When the top billionaire leaders of Apple, Facebook, Google, and Tesla meet with the most powerful elected Republican officials in on an island off the coast of Georgia, people talk. According to unnamed sources for the Huffington Post, exactly that happened this weekend.

The World Forum, an annual gathering of political and business elites put together by neoconservative think tank the American Enterprise Institute (AEI), took place over the weekend.

Among the participants of the exclusive gathering, according to the unnamed sources, were the following: Apple CEO Tim Cook, Google co-founder Larry Page, Napster founder and Facebook investor Sean Parker, and Elon Musk -- known for his futuristic endeavors like Telsa Motors and Space X.

Also at the gathering were Senate Majority Leader Mitch McConnell, former campaign chief for George W. Bush Karl Rove, Speaker of the House Paul Ryan, and a potpourri of other national elected GOP officials from the House and Senate. Among other participants were the publisher of the New York Times Arthur Sulzberger, billionaire GOP donor Philip Anschutz, and Democratic Rep. John Delaney.

To say this was a gathering of America's most powerful is putting it mildly.

Elites Want to Trample Trump

The main topic of discussion -- besides a reportedly intense disagreement about Apple's battle with the FBI over iPhone encryption and the San Bernardino case -- was none other than Donald Trump; specifically, what the Silicon Valley giants and GOP elites could do to stop him.

Rove reportedly gave a presentation about a focus group study he had conducted regarding Trump, looking for weak points in the brash billionaire's seemingly impenetrable armor. The best point of attack, Rove found, was that voters didn't see Trump as a "presidential" personality -- someone voters' children should look up to as a role model. His erratic tendencies also made focus group participants nervous about President Trump having control over America's nuclear arsenal.

No Grand Plan

But don't misapprehend that AEI and Silicon Valley came up with a grand plan to take Trump out of the running for the Republican Presidential nomination. The elites at the secretive off-the-record gathering apparently remained just as flummoxed by Trump's rise as everyone else.
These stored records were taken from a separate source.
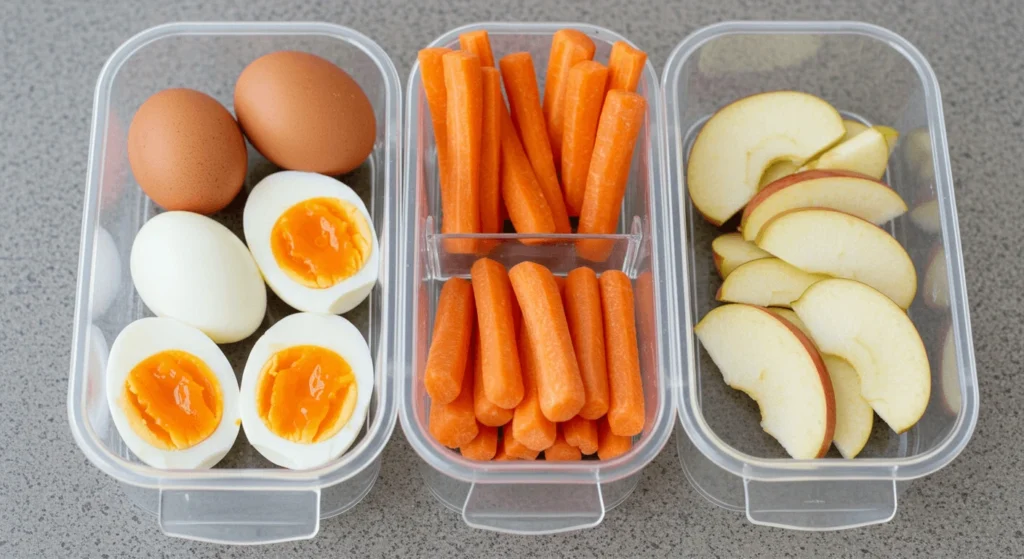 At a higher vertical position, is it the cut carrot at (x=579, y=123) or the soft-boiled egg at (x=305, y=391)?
the cut carrot at (x=579, y=123)

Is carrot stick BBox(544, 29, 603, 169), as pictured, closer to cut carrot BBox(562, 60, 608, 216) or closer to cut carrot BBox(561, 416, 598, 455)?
cut carrot BBox(562, 60, 608, 216)

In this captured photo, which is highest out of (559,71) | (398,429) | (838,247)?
(559,71)

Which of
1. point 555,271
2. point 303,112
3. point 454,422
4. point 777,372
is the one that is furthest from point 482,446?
point 303,112

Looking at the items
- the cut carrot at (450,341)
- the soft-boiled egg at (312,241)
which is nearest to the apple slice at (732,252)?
the cut carrot at (450,341)

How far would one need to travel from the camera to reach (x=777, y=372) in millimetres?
1161

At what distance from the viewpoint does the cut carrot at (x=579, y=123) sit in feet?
3.88

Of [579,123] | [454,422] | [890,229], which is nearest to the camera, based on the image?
[454,422]

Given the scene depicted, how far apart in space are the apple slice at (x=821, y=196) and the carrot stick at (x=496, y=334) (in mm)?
Result: 357

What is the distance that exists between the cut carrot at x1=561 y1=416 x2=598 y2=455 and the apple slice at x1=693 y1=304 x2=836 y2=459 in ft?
0.70

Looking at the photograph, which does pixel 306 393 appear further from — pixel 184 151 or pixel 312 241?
pixel 184 151

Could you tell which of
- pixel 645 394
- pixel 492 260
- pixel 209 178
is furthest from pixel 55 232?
pixel 645 394

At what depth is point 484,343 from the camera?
1.13 metres

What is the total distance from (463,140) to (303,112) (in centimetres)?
21

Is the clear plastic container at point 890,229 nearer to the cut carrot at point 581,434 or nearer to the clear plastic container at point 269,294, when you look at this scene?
the cut carrot at point 581,434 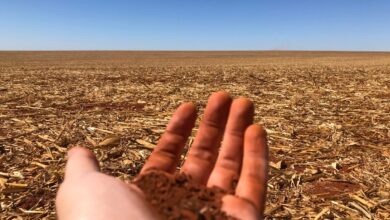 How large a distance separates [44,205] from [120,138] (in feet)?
7.01

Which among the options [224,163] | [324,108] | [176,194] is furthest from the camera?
[324,108]

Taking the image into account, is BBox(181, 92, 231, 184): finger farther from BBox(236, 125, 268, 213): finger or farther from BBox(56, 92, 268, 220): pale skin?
BBox(236, 125, 268, 213): finger

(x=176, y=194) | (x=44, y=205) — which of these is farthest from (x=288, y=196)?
(x=44, y=205)

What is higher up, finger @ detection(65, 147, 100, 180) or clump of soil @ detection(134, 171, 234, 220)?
finger @ detection(65, 147, 100, 180)

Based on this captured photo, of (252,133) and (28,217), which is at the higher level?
(252,133)

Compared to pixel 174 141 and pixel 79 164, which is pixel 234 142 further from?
pixel 79 164

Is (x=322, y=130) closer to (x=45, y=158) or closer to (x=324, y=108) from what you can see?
(x=324, y=108)

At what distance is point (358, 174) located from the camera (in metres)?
4.79

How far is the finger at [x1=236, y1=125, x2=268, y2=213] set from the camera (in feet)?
8.44

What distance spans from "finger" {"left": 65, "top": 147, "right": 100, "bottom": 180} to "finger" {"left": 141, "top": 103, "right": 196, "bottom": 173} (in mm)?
461

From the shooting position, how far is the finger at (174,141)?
2932 millimetres

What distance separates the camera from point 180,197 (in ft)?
7.97

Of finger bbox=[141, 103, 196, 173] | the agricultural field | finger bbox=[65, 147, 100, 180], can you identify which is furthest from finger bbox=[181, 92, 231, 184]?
the agricultural field

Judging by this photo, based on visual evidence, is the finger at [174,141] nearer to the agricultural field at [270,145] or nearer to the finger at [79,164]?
the finger at [79,164] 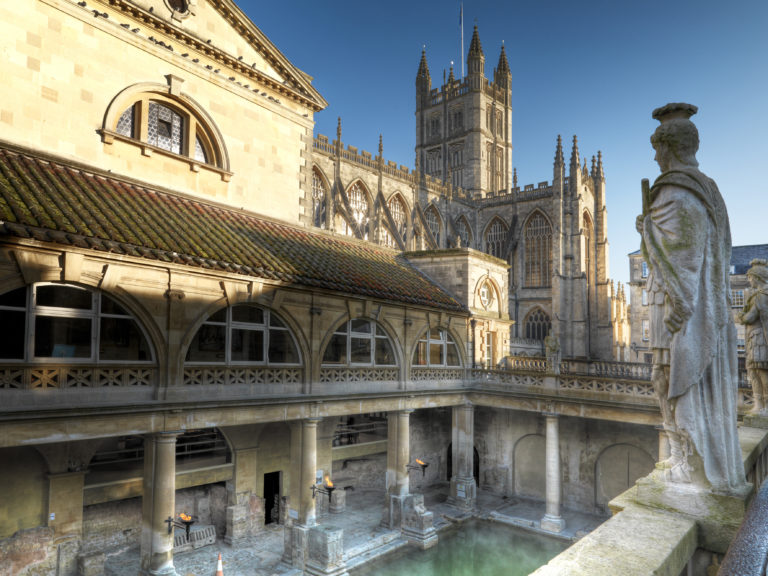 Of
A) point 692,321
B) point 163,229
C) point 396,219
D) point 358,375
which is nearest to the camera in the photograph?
point 692,321

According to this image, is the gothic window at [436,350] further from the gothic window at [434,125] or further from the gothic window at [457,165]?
the gothic window at [434,125]

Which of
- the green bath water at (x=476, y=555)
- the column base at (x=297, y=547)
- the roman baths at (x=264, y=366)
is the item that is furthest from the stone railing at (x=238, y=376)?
the green bath water at (x=476, y=555)

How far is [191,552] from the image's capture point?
1814 cm

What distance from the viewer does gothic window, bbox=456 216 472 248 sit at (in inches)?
2249

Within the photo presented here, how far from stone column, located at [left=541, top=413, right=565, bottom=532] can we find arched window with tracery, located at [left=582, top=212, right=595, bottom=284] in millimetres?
36178

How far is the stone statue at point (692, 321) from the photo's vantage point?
14.2 ft

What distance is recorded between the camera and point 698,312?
174 inches

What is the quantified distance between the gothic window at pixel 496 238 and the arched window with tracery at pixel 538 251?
2.48m

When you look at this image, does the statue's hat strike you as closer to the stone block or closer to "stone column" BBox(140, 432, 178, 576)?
"stone column" BBox(140, 432, 178, 576)

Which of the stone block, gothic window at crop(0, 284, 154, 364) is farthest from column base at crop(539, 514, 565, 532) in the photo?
gothic window at crop(0, 284, 154, 364)

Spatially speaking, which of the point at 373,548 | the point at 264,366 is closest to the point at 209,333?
the point at 264,366

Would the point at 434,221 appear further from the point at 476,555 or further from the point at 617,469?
the point at 476,555

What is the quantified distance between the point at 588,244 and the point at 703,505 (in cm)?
5611

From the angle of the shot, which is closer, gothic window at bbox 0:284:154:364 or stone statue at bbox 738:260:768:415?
stone statue at bbox 738:260:768:415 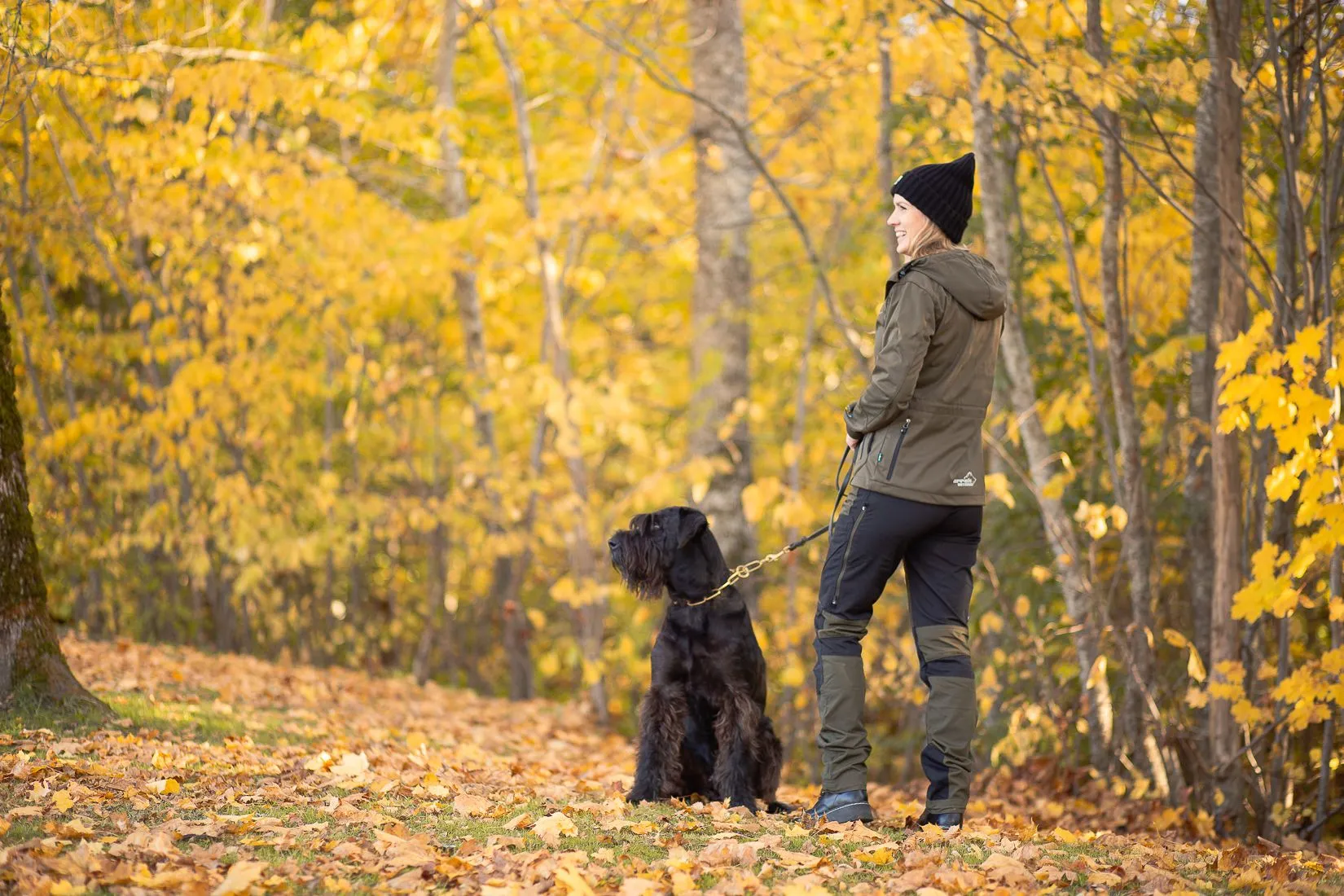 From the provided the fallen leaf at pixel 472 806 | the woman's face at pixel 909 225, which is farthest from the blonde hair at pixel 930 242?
the fallen leaf at pixel 472 806

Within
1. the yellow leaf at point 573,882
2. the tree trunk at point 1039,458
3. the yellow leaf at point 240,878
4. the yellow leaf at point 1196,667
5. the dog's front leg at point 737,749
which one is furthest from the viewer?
the tree trunk at point 1039,458

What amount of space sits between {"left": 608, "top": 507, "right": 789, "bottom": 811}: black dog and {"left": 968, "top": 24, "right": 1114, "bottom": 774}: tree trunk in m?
2.13

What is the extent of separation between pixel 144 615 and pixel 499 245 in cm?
444

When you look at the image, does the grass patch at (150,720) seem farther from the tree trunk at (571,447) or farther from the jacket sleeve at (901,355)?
the jacket sleeve at (901,355)

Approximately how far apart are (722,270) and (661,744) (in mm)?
4460

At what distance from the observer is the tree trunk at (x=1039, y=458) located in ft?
19.6

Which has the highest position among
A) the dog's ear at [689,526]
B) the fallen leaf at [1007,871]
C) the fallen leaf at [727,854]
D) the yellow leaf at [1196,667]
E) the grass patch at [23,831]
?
the dog's ear at [689,526]

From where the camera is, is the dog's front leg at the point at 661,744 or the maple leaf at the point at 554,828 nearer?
the maple leaf at the point at 554,828

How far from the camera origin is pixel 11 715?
4.72m

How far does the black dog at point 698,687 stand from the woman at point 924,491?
421mm

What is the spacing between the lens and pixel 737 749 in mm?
4426

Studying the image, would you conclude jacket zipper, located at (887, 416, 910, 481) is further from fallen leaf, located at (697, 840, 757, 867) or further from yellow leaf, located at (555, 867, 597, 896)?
yellow leaf, located at (555, 867, 597, 896)

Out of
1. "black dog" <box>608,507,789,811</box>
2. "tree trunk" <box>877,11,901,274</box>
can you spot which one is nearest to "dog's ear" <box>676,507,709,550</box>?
"black dog" <box>608,507,789,811</box>

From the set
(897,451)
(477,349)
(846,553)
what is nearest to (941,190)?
(897,451) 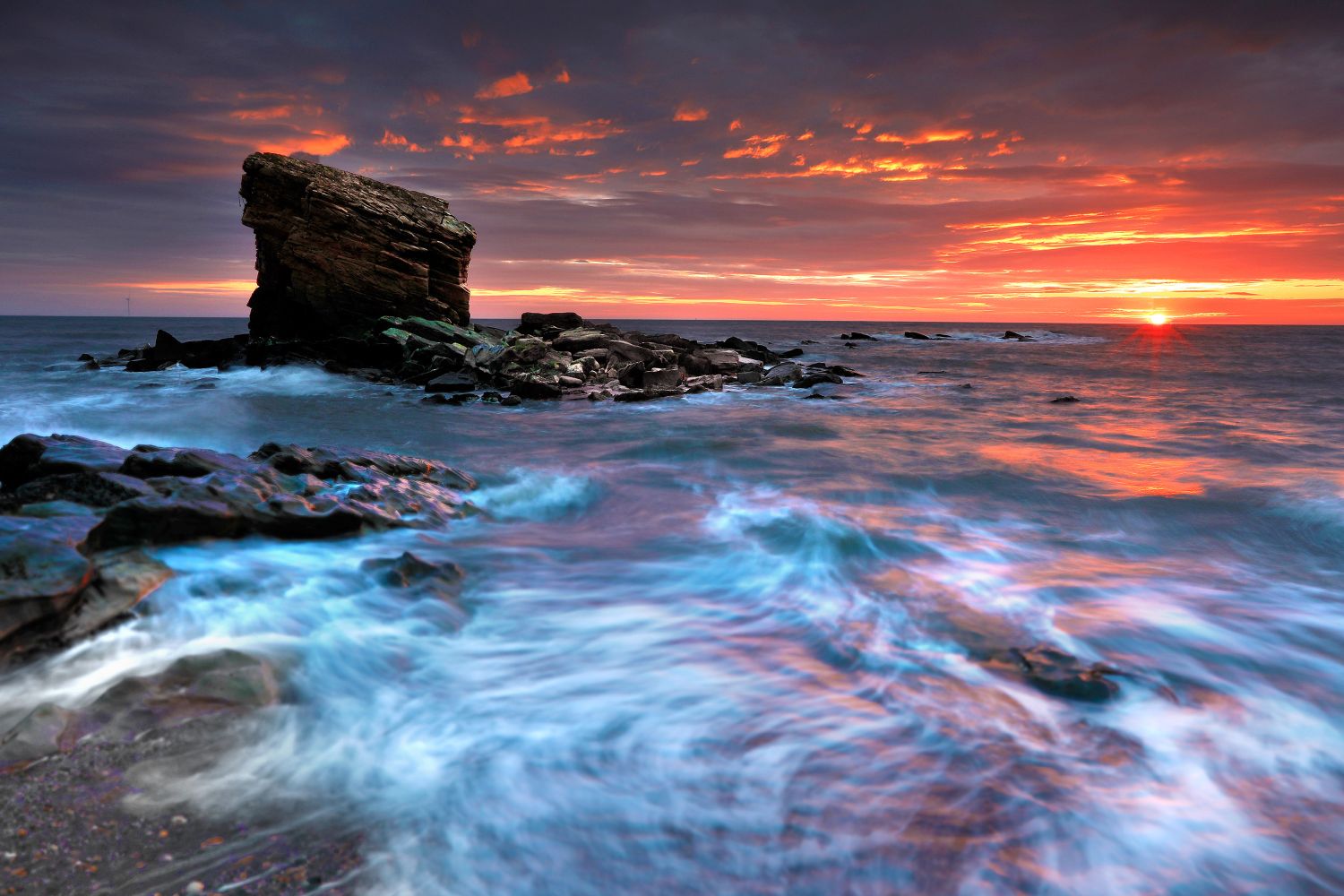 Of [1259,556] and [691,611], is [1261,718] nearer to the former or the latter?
[691,611]

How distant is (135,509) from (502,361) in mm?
16982

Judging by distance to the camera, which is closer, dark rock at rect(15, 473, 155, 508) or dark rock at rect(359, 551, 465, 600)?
dark rock at rect(359, 551, 465, 600)

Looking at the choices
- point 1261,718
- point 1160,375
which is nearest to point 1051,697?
point 1261,718

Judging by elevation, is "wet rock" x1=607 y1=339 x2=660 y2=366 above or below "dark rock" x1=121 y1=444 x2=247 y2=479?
above

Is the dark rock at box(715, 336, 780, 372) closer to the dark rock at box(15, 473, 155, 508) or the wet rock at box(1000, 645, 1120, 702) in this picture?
the dark rock at box(15, 473, 155, 508)

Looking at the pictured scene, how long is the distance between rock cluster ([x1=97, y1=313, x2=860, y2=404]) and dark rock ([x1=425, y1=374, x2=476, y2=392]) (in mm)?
26

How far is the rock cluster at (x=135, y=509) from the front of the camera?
12.3ft

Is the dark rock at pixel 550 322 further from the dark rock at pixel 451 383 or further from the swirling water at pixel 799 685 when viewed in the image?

One anonymous source said that much of the conversation centering around Trump was "how this happened, rather than how we are going to stop him."

William Kristol, editor of the conservative magazine "The Weekly Standard," was at the AEI meeting, and emailed a short report from the conference, stating that the focus was squarely on Trump.

"A specter was haunting the World Forum -- the specter of Donald Trump," he wrote, using phraseology from the Communist Manifesto, of all sources. "There was much unhappiness about his emergence, a good deal of talk, some of it insightful and thoughtful, about why he's done so well, and many expressions of hope that he would be defeated."

"The key task now, to once again paraphrase Karl Marx, is less to understand Trump than to stop him," Kristol continued. "In general, there's a little too much hand-wringing, brow-furrowing, and fatalism out there and not quite enough resolving to save the party from nominating or the country electing someone who simply shouldn't be president."